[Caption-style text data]
--
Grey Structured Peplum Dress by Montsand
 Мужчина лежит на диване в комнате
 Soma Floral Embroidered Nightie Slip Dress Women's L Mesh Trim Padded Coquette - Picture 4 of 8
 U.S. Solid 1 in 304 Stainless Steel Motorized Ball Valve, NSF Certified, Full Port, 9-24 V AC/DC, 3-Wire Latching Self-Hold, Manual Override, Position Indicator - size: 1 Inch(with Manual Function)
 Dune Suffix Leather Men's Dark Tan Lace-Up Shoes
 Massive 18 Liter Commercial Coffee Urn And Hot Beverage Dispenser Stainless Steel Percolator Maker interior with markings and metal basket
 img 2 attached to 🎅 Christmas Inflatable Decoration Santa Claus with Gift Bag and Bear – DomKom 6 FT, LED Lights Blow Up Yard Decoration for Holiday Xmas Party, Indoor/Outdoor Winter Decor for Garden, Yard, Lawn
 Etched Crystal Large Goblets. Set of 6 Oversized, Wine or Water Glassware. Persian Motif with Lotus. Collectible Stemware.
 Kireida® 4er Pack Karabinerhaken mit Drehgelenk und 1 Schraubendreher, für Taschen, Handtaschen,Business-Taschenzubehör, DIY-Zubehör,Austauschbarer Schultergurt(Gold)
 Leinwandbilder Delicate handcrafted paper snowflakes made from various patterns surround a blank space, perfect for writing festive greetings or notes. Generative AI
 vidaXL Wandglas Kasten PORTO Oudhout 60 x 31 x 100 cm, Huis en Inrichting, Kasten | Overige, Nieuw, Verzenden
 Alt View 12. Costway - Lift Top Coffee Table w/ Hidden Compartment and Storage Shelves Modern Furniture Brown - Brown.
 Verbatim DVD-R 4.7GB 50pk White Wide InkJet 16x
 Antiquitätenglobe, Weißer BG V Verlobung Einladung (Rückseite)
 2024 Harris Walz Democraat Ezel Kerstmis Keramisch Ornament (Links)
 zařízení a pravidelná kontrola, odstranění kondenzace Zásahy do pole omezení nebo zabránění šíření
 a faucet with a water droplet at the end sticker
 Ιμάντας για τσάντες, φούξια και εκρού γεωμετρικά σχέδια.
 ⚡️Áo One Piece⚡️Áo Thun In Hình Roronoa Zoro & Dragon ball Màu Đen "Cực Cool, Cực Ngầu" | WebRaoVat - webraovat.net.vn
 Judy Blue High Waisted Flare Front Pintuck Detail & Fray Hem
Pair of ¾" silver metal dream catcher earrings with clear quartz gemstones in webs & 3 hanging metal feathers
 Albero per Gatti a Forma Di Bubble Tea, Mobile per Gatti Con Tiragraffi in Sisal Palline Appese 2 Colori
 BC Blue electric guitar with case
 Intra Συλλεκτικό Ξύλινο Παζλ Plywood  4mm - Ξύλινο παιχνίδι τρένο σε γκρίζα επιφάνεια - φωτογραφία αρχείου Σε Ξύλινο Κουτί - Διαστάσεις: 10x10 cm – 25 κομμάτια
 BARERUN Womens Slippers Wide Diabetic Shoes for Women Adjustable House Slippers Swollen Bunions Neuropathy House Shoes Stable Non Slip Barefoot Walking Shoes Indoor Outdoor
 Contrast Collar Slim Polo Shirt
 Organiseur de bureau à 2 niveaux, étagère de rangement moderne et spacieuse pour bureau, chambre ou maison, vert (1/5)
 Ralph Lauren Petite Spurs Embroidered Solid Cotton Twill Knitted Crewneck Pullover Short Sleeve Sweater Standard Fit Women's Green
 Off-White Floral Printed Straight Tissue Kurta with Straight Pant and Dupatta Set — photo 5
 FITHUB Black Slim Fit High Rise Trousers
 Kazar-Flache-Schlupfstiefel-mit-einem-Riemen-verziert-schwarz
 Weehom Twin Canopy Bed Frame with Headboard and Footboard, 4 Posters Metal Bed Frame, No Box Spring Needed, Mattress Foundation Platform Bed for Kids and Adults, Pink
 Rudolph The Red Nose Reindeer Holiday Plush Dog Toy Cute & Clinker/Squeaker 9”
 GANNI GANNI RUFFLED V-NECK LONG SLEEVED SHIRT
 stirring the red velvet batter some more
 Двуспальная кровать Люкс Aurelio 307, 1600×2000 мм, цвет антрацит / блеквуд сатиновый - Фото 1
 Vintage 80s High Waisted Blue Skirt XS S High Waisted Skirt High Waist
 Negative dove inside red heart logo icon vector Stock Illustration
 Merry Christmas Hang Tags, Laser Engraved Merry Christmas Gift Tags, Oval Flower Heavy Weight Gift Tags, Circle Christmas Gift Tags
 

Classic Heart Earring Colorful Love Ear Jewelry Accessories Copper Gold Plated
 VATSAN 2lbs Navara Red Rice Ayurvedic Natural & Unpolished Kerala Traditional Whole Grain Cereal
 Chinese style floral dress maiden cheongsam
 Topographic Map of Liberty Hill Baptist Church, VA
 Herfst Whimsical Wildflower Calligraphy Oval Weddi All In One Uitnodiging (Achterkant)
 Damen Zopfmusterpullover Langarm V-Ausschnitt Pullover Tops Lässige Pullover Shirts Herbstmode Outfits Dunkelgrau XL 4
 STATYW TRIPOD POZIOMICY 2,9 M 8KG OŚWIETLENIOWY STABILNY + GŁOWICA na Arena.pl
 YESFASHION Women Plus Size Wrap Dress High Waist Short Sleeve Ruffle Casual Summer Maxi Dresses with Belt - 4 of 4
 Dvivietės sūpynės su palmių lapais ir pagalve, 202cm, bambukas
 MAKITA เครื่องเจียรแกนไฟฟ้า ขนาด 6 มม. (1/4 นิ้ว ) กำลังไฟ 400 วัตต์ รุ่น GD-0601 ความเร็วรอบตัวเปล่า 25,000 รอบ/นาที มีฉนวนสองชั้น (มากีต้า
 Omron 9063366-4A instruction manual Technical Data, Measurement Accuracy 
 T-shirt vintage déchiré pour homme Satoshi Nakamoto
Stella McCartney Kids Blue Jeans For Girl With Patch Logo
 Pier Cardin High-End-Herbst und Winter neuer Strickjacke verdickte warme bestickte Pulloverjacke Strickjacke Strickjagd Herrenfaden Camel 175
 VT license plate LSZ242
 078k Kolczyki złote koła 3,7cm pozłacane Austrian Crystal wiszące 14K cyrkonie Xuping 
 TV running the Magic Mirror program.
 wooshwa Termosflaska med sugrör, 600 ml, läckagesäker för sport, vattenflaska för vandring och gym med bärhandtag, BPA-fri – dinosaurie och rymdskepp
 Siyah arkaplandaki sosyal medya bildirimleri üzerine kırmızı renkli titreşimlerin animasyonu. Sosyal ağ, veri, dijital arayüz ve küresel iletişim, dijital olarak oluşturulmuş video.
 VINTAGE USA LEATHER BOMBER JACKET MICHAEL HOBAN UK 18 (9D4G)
--
_EXERCISE REQUIREMENTS_
Set down exactly the lines of the data above, beginning with the line that has "vidaXL Wandglas Kasten" and ending with the line that has "2024 Harris Walz", and no others.

_ANSWER FOR THE TASK_
 vidaXL Wandglas Kasten PORTO Oudhout 60 x 31 x 100 cm, Huis en Inrichting, Kasten | Overige, Nieuw, Verzenden
 Alt View 12. Costway - Lift Top Coffee Table w/ Hidden Compartment and Storage Shelves Modern Furniture Brown - Brown.
 Verbatim DVD-R 4.7GB 50pk White Wide InkJet 16x
 Antiquitätenglobe, Weißer BG V Verlobung Einladung (Rückseite)
 2024 Harris Walz Democraat Ezel Kerstmis Keramisch Ornament (Links)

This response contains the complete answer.